Des produits de qualité, mais une image faible
La qualité des tissus, le savoir-faire artisanal, et l’originalité des collections ne suffisent pas à inverser la tendance. Car le problème n’est pas tant le produit que l’image qu’il renvoie. Le « made in Morocco » souffre d’un déficit flagrant de stratégie marketing, de communication de marque et d’expérience client. Les consommatrices marocaines ne sont pas insensibles à l’origine du produit, mais elles veulent surtout acheter une vision, un style, une promesse — ce que les marques internationales savent parfaitement leur offrir.
L’absence d’un positionnement clair
Autre faiblesse majeure : le flou stratégique de nombreuses marques marocaines. Trop peu d’entre elles définissent clairement leur cible ou leur positionnement : mode haut de gamme ? accessible ? ethnique chic ? minimaliste ? Résultat : un message brouillé, des identités de marque faibles, et une clientèle qui hésite à s’engager.
Le rôle des influenceuses et des réseaux sociaux
Le terrain numérique est, lui aussi, occupé massivement par les marques étrangères. Les influenceuses marocaines, souvent rémunérées ou fournies par des marques internationales, alimentent ce biais. Elles posent avec des vêtements Zara, Mango, Bershka ou Shein, bien plus qu’avec des pièces locales. Les enseignes marocaines, en manque de budgets et de vision d’influence marketing, restent absentes de ce champ décisif pour les jeunes consommatrices.
Branding, design et storytelling : les grands oubliés
Même quand la qualité est au rendez-vous, le design des logos, le packaging, la présentation en boutique ou en ligne laissent parfois à désirer. L’expérience d’achat est encore trop souvent perçue comme “amatrice” face aux standards internationaux. À cela s’ajoute le manque de storytelling aspirationnel : peu de marques marocaines racontent une histoire forte, un univers inspirant. Elles vendent des produits là où les géants mondiaux vendent un rêve.

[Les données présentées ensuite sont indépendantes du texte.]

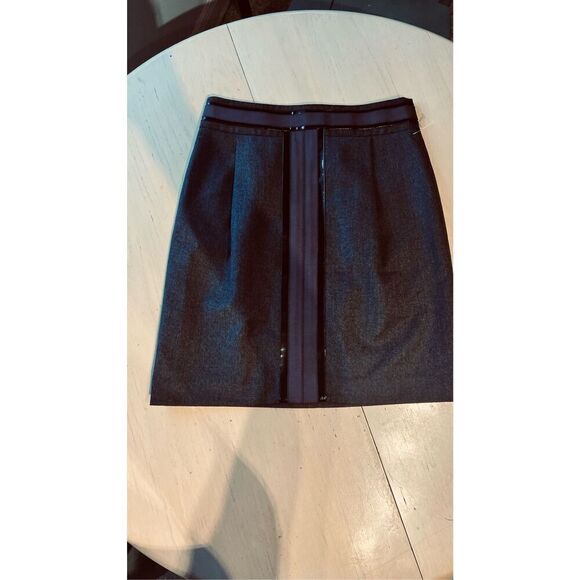 TORY BURCH GRAY SKIRT BLACK PATENT LEATHER TRIM SIZE 8 - Picture 2 of 9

Un héritage culturel parfois mal assumé
Paradoxalement, l’identité marocaine, pourtant riche et précieuse, est encore trop peu intégrée dans les propositions stylistiques locales. Certaines clientes, notamment jeunes, veulent s’éloigner d’un imaginaire traditionnel perçu comme dépassé, sans pour autant trouver dans les marques locales une offre moderne mais enracinée. La mode marocaine gagnerait à revisiter ses racines de façon audacieuse, sans tomber dans le folklore ou la copie stérile des tendances occidentales.
Distribution, accessibilité et présence terrain
Enfin, la question de la distribution reste cruciale. Les marques internationales sont omniprésentes : malls, plateformes e-commerce, corners en magasins multimarques. À l’inverse, les marques marocaines manquent de visibilité dans les lieux clés, et leur présence en ligne reste souvent artisanale, sans logistique fluide ni expérience d’achat optimisée.
Un chantier à ouvrir : vers une nouvelle stratégie du « made in Morocco »
Selon un expert des tendances mode au Maroc, le défi n’est plus dans le produit, mais dans l’art de le vendre. Cela suppose une professionnalisation urgente dans des domaines aussi stratégiques que le marketing, le branding, l’événementiel et la communication digitale. Il est temps que les promoteurs du « made in Morocco » investissent autant dans leur image que dans leurs tissus.
Le succès ne viendra pas uniquement d’un bon modèle économique ou d’une jolie coupe : il viendra d’une vision. Et les marques marocaines ne manquent ni de talents, ni de ressources culturelles pour bâtir cette vision.